Directed by: Rawson Marshall Thurber
Starring: Dwayne Johnson, Ryan Reynolds, Gal Gadot, Ritu Arya, Chris Diamantopoulous
I've heard of movies designed to be the kinds you simply shut off your brain to watch. That's not always a bad thing. Some films work that way. Red Notice is such a movie, but the trouble with a picture like Red Notice is you struggle to recall what happened moments after finishing it. I know this much: Everyone is after a priceless egg once owned by Cleopatra. Maybe not priceless, but worth hundreds of millions. Numbers are thrown around as quickly as double crosses in Red Notice. It all adds up to very little.

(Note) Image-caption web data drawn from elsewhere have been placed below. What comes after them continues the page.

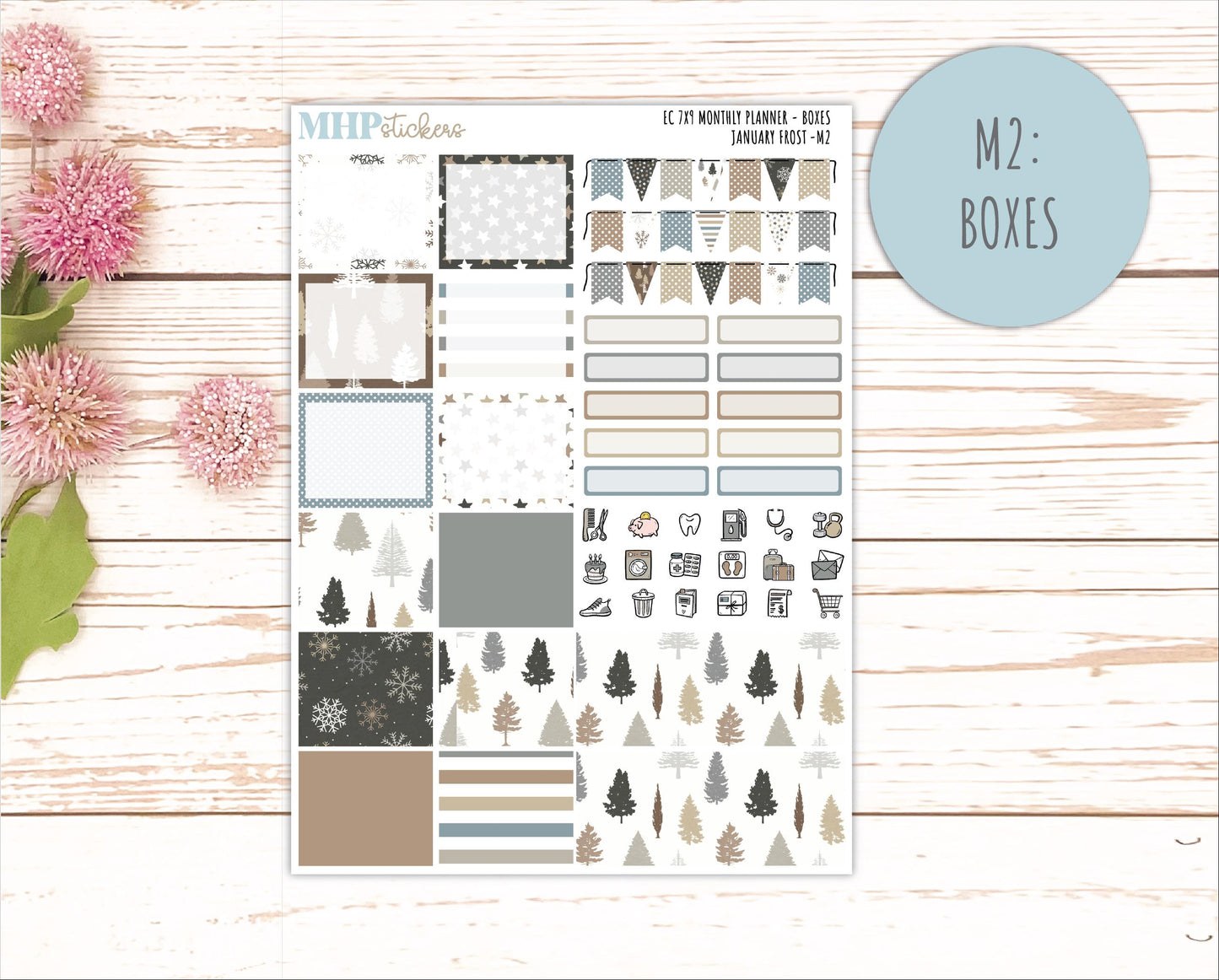 JANUARY Monthly Kit for 7x9 Erin Condren Planners. 2026 Collection "January Frost" || ECM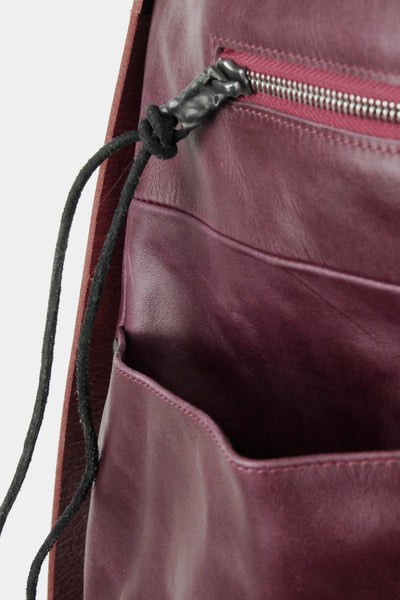 Shop Emerging Slow Fashion Avant-garde Artisan Leather Brand Gegenüber Red Leather Shoulder Bag at Erebus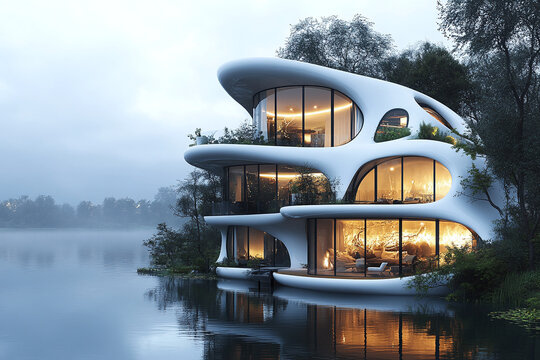 Futuristic Eco Friendly  Lakeside House Integrated With Nature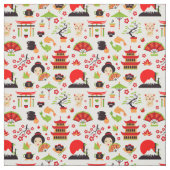 Tissu Motif d'icônes japonais (Échantillon)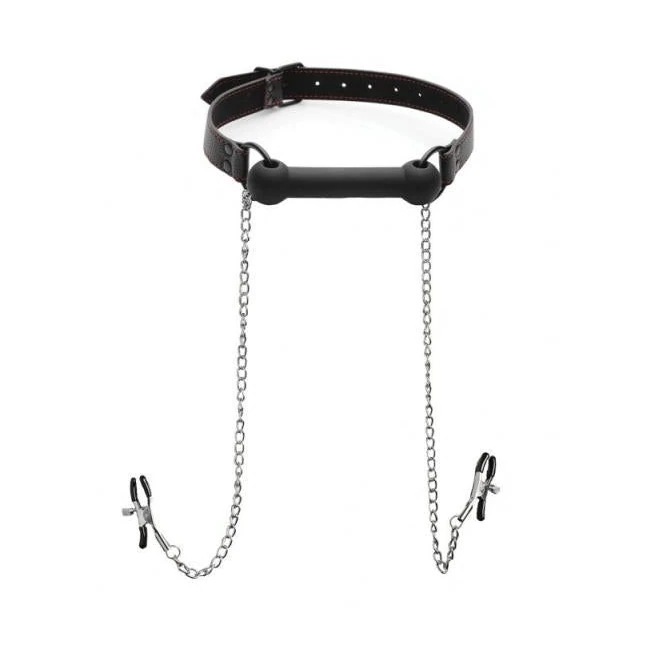 Silicone Bit Gag with Nipple Clamps - Hardware & Fasteners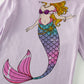 Mermaid Pajamas For Girls Pjs 2 Piece Pjs Set 100% Cotton Toddler Girls Winter Pajamas Long Sleeve Sleepwears Kids Christmas Clo
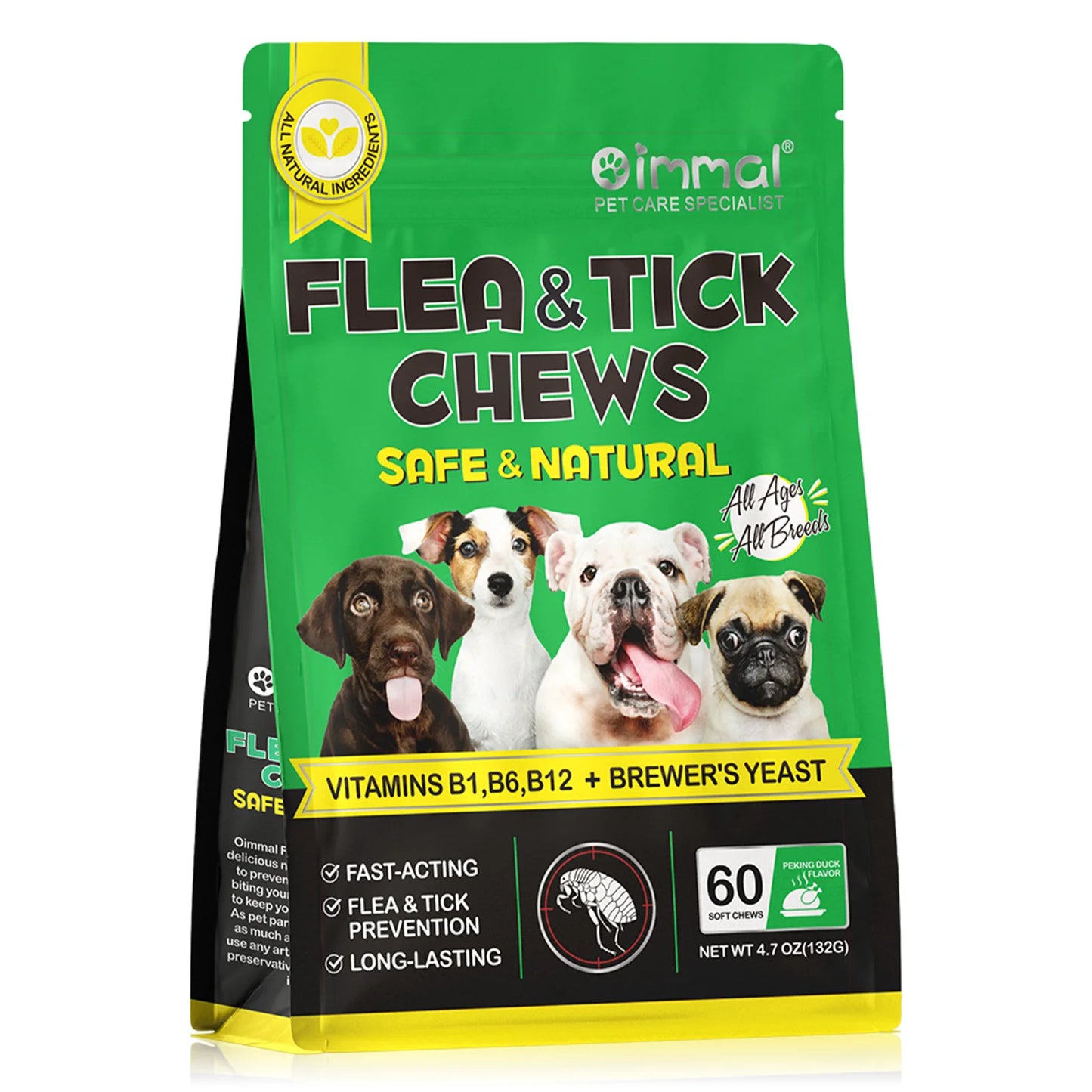 Natural Flea and Tick Prevention for Dogs - 60 Fast-Acting Chewables for All Breeds and Ages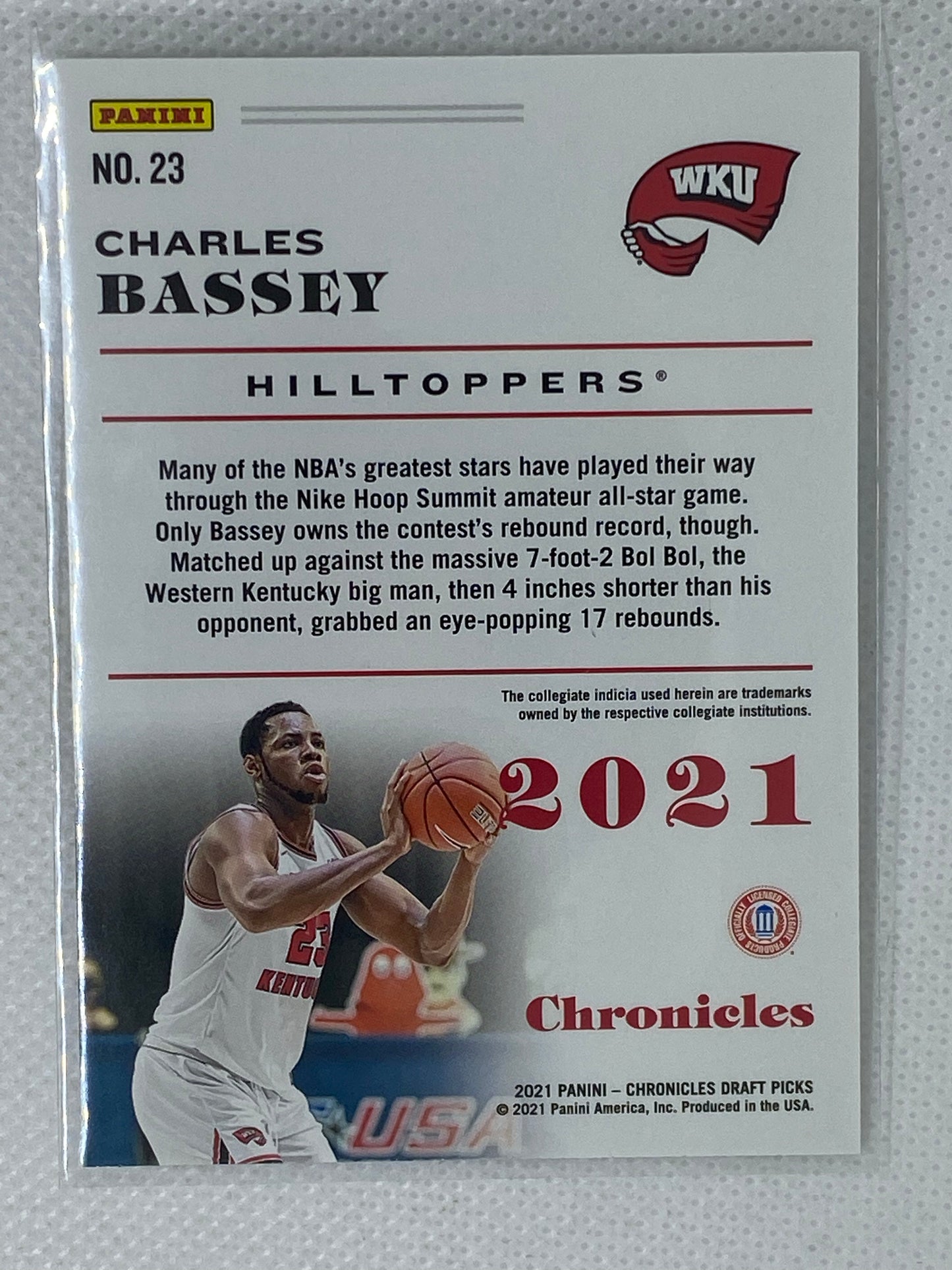 2021-22 Panini Chronicles Draft Picks Charles Bassey Rookie Black #23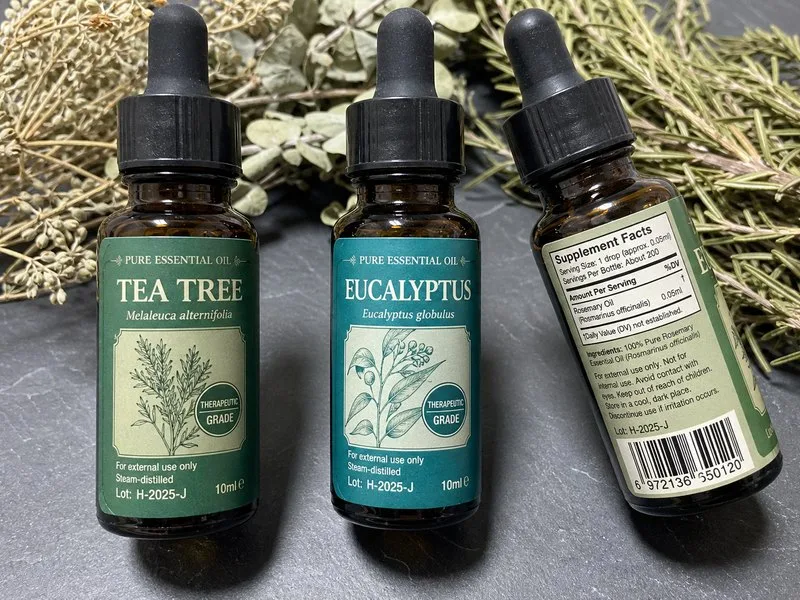 herbaceous family essential oil labels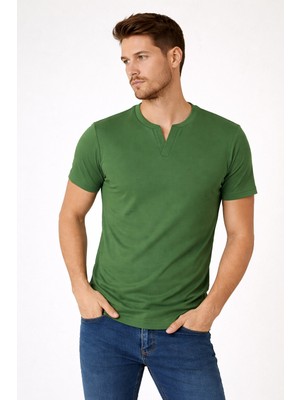 Uomo Park Henley Tişört Basic Casual T Shirt 2124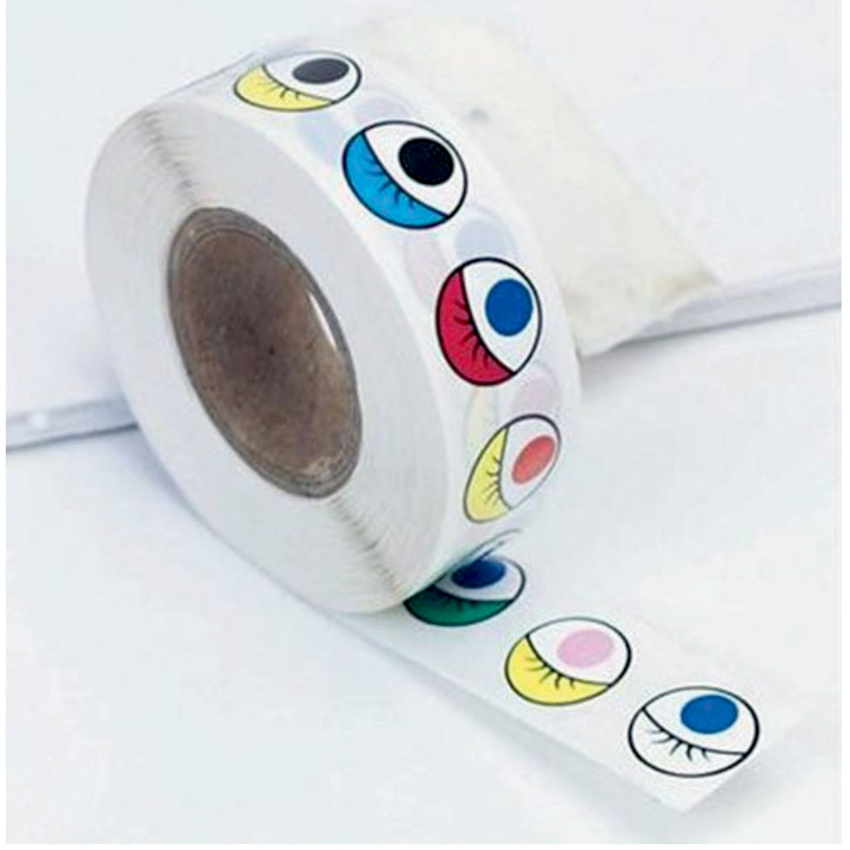DBLG Eye Stickers Assorted Colours 12 mm 1000/roll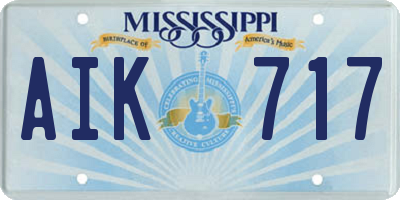 MS license plate AIK717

Red Notice is not built to be original or groundbreaking, but that doesn't mean it has to feel weary and deflated. Writer-director Rawson Marshall Thurber has made some funny films in the past (Dodge Ball, Central Intelligence, and Skyscraper, which was cheerfully ridiculous, but fun). Johnson plays FBI profiler John Hartley, who is on the trail of art thief Nolan Booth (Reynolds). He hopes to have Booth help him capture an even more elusive target known as The Bishop (Gadot), who plans to find and steal the fabled Cleopatra egg. Booth and Hartley of course Don't Get Along, but soon Learn To Get Along after trading quips, punches, insults, and involvement in an escape from a Russian prison. I forget exactly how they both came to be prison denizens. Oh yes, Booth is captured by Hartley and Hartley is framed as an accomplice to the Bishop.
Johnson, Gadot, and Reynolds play characters who aren't a million miles removed from their famed personas. Try as they might, they cannot elevate the material above its standard origins. Red Notice is chock full of action, fights, double and triple crosses, and much of it portrayed in front of an obvious green screen even as the scenery switches from city to city. It makes no difference. Red Notice plays like a movie with its wheels spinning furiously in the mud to no avail.